Instructions to follow =>
When you write out the listing, keep every character and omit the pictures.

Given information =>
*** Block opens ***
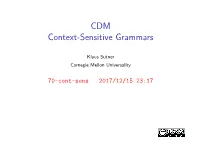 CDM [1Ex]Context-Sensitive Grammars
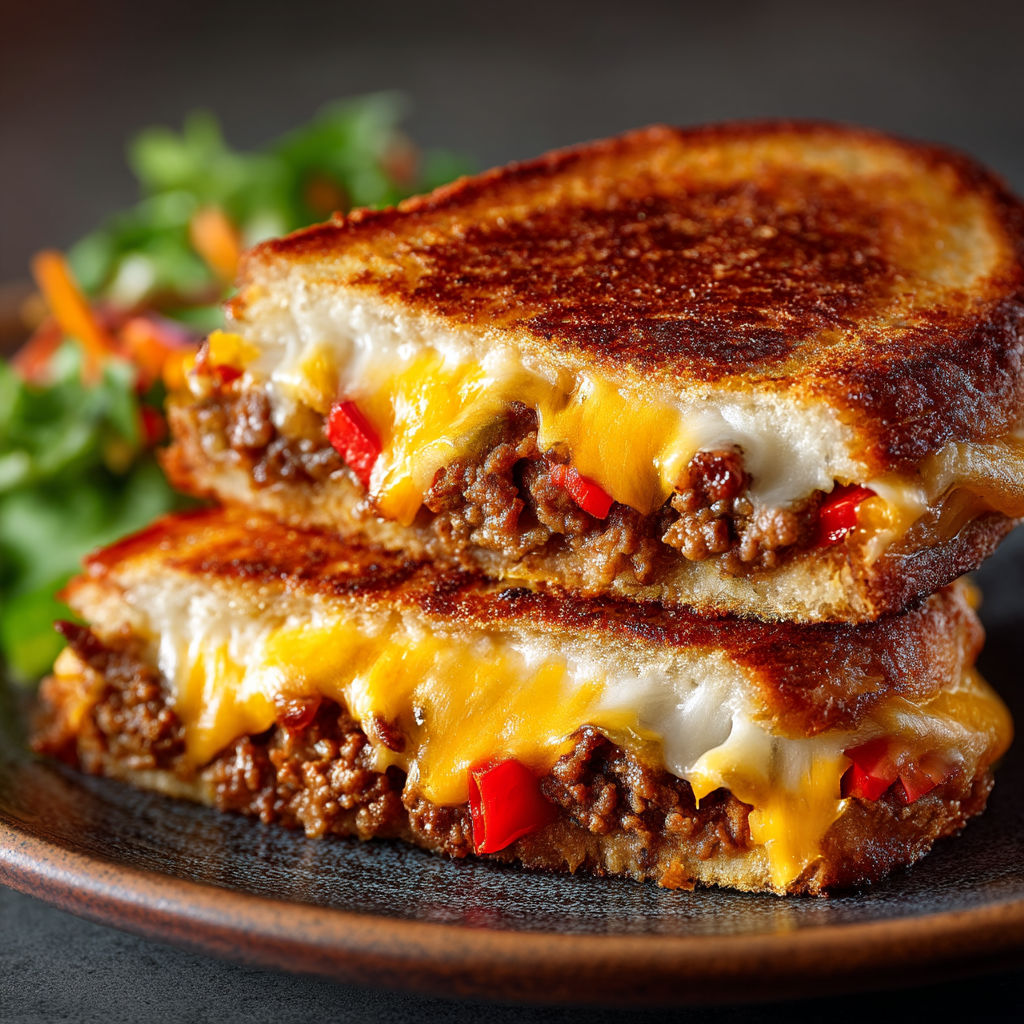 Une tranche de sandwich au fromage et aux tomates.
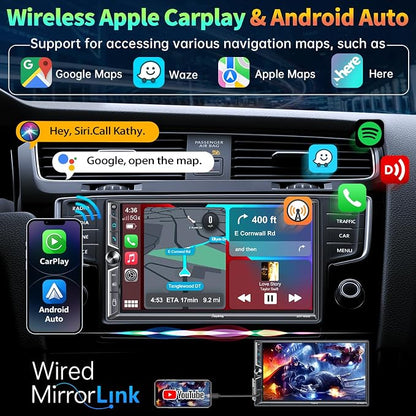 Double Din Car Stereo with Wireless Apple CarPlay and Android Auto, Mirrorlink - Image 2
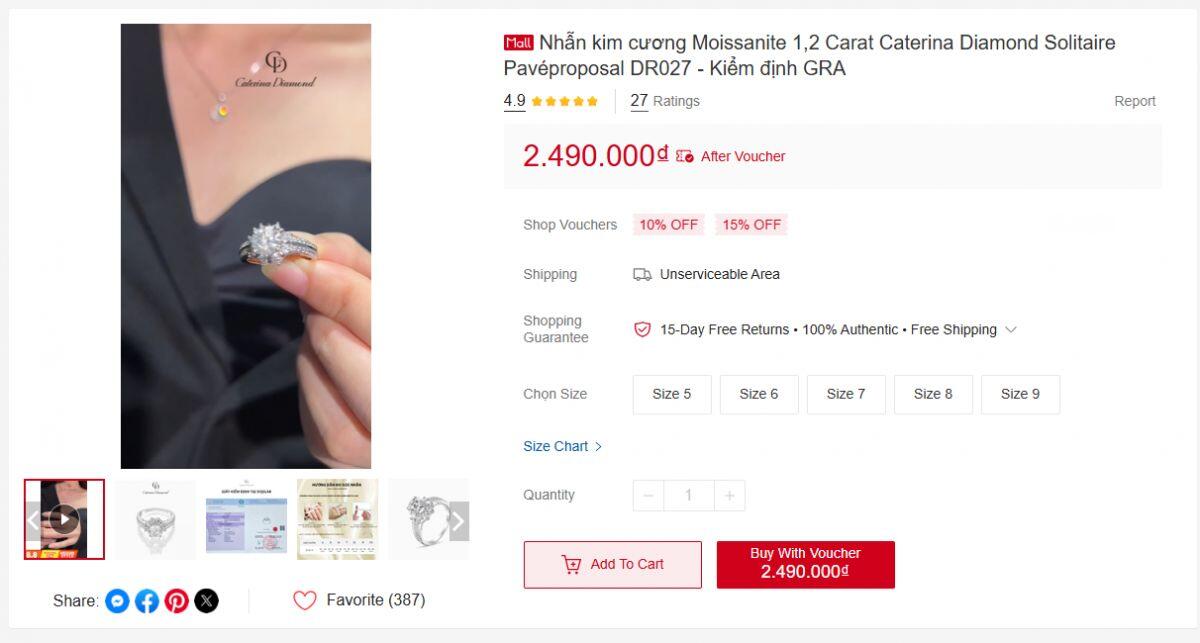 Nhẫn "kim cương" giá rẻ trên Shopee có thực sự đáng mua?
*** Block closes ***
Your response =>
 CDM [1Ex]Context-Sensitive Grammars
 Une tranche de sandwich au fromage et aux tomates.
 Double Din Car Stereo with Wireless Apple CarPlay and Android Auto, Mirrorlink - Image 2
 Nhẫn "kim cương" giá rẻ trên Shopee có thực sự đáng mua?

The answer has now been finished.